Requirement — From the entries below, return exactly the lines beginning at the one that contains "The thoughtfully designed" and ending at the one that contains "Side view of", both of them included, and only those lines.

══ Source records ══

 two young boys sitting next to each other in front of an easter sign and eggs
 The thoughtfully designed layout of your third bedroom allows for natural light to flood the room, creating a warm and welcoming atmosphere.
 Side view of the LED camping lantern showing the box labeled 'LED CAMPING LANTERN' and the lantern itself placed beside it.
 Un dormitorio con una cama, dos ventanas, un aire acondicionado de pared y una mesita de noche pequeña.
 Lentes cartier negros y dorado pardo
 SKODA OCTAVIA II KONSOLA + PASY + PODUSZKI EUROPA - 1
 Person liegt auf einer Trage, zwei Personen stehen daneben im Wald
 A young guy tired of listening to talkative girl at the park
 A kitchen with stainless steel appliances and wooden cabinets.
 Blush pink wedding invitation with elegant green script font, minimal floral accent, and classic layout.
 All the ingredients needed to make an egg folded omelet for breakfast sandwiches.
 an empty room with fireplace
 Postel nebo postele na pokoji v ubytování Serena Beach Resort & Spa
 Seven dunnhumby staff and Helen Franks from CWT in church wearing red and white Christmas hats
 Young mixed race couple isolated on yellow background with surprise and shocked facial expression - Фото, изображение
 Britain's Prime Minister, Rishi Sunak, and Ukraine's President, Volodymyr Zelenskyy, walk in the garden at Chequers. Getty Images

═══

Answer section —
 The thoughtfully designed layout of your third bedroom allows for natural light to flood the room, creating a warm and welcoming atmosphere.
 Side view of the LED camping lantern showing the box labeled 'LED CAMPING LANTERN' and the lantern itself placed beside it.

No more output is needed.